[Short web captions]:
Start of Block

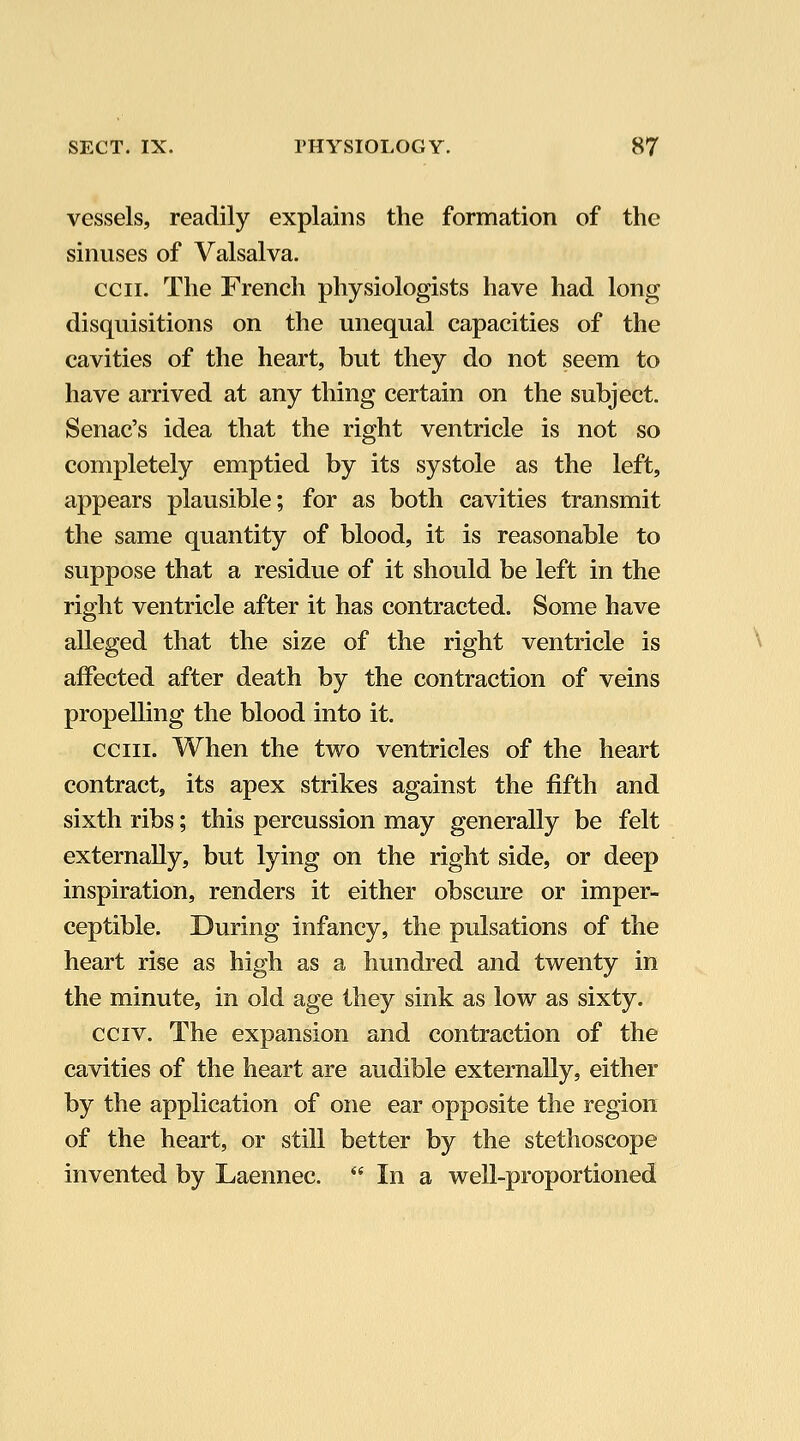 vessels, readily explains the formation of the sinuses of Valsalva. ecu. The French physiologists have had long disquisitions on the unequal capacities of the cavities of the heart, but they do not seem to have arrived at any thing certain on the subject. Senac's idea that the right ventricle is not so completely emptied by its systole as the left, appears plausible; for as both cavities transmit the same quantity of blood, it is reasonable to suppose that a residue of it should be left in the right ventricle after it has contracted. Some have alleged that the size of the right ventricle is affected after death by the contraction of veins propelling the blood into it, cciii. When the two ventricles of the heart contract, its apex strikes against the fifth and sixth ribs; this percussion may generally be felt externally, but lying on the right side, or deep inspiration, renders it either obscure or imper- ceptible. During infancy, the pulsations of the heart rise as high as a hundred and twenty in the minute, in old age they sink as low as sixty. cciv. The expansion and contraction of the cavities of the heart are audible externally, either by the application of one ear opposite the region of the heart, or still better by the stethoscope invented by Laennec.  In a well-proportioned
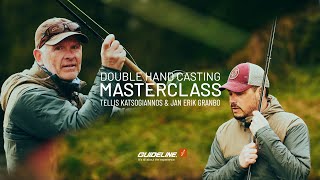 Double Hand Casting Masterclass | Tellis Katsogiannos & Jan Erik Granbo | Guideline&John Norris Days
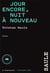 Jour encore, nuit à nouveau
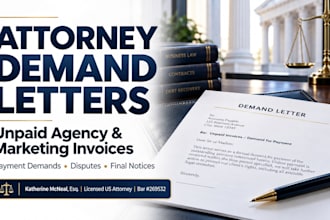 draft a legal attorney demand letter for your unpaid agency invoice US attorney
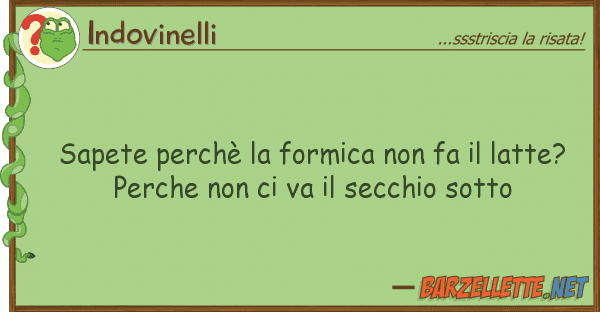 Indovinelli sapete perchè formica fa latt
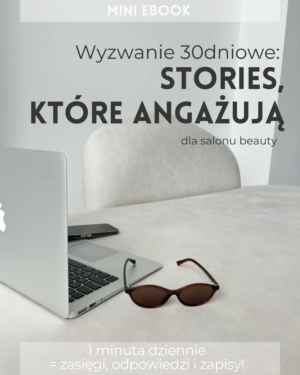 E-book: Wyzwanie 30dniowe: 1-minutowe STORIES, które angażują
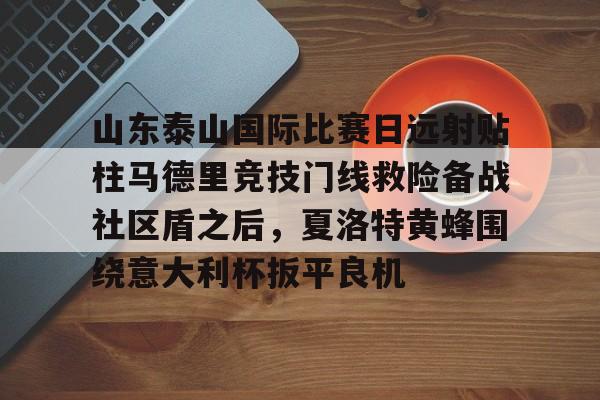 包含山东泰山国际比赛日远射贴柱马德里竞技门线救险备战社区盾之后,夏洛特黄蜂围绕意大利杯扳平良机的词条 包含山东泰山国际比赛日远射贴柱马德里竞技门线救险备战社区盾之后,夏洛特黄蜂围绕意大利杯扳平良机的词条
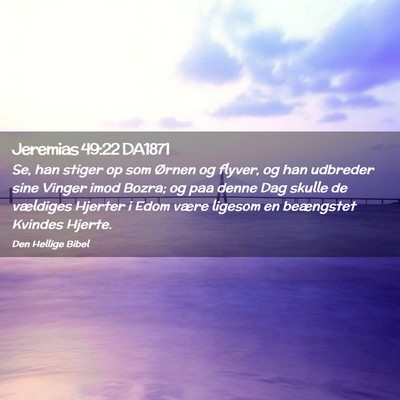 Picture 02 - Jeremias 49:22 DA1871 - Se, han stiger op som Ørnen og flyver, og han - Bible Verse Picture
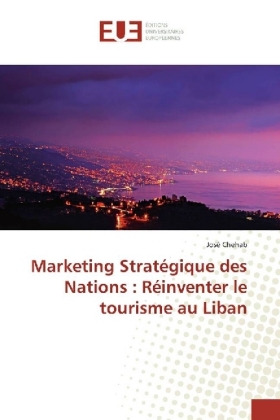 Marketing Stratégique des Nations : Réinventer le tourisme au Liban 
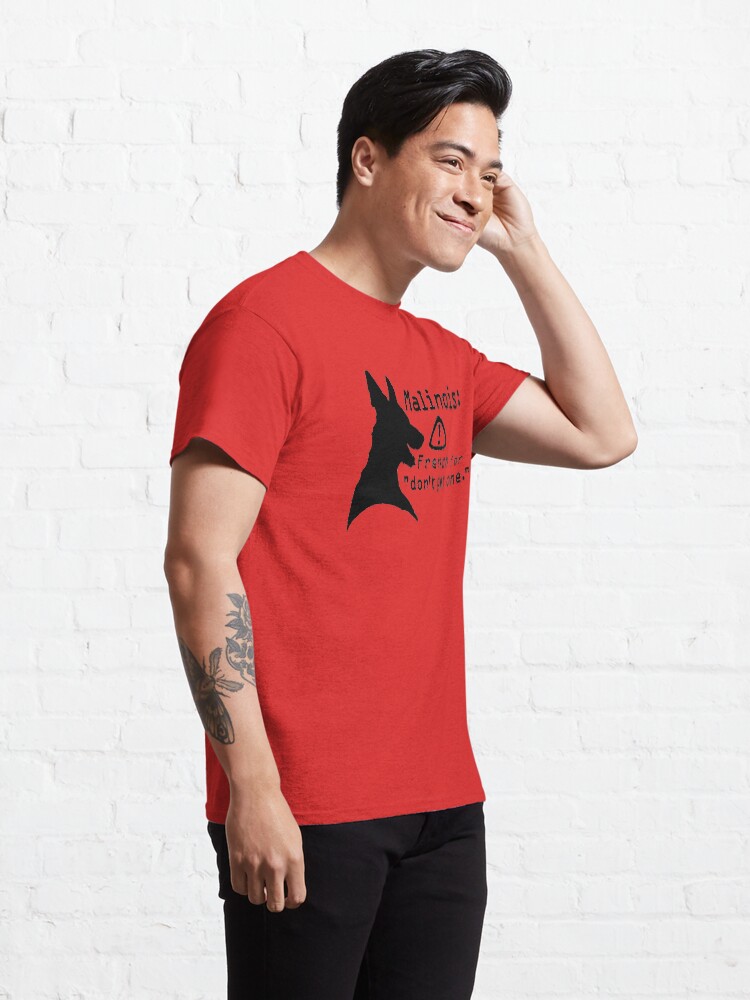 Alternate view of Malinois. Just... don't. Classic T-Shirt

End of Block

[Your objective]:
Although the records contain pictures, your copy should hold only the text, reproduced exactly.

[Solution]:
 vessels, readily explains the formation of the sinuses of Valsalva. ecu. The French physiologists have had long disquisitions on the unequal capacities of the cavities of the heart, but they do not seem to have arrived at any thing certain on the subject. Senac's idea that the right ventricle is not so completely emptied by its systole as the left, appears plausible; for as both cavities transmit the same quantity of blood, it is reasonable to suppose that a residue of it should be left in the right ventricle after it has contracted. Some have alleged that the size of the right ventricle is affected after death by the contraction of veins propelling the blood into it, cciii. When the two ventricles of the heart contract, its apex strikes against the fifth and sixth ribs; this percussion may generally be felt externally, but lying on the right side, or deep inspiration, renders it either obscure or imper- ceptible. During infancy, the pulsations of the heart rise as high as a hundred and twenty in the minute, in old age they sink as low as sixty. cciv. The expansion and contraction of the cavities of the heart are audible externally, either by the application of one ear opposite the region of the heart, or still better by the stethoscope invented by Laennec.  In a well-proportioned
 Double Hand Casting Masterclass | Tellis Katsogiannos & Jan Erik Granbo | Guideline&John Norris Days
 Jour encore, nuit à nouveau
 draft a legal attorney demand letter for your unpaid agency invoice US attorney
 Indovinelli sapete perchè formica fa latt
 E-book: Wyzwanie 30dniowe: 1-minutowe STORIES, które angażują
 包含山东泰山国际比赛日远射贴柱马德里竞技门线救险备战社区盾之后,夏洛特黄蜂围绕意大利杯扳平良机的词条 包含山东泰山国际比赛日远射贴柱马德里竞技门线救险备战社区盾之后,夏洛特黄蜂围绕意大利杯扳平良机的词条
 Picture 02 - Jeremias 49:22 DA1871 - Se, han stiger op som Ørnen og flyver, og han - Bible Verse Picture
 Marketing Stratégique des Nations : Réinventer le tourisme au Liban 
 Alternate view of Malinois. Just... don't. Classic T-Shirt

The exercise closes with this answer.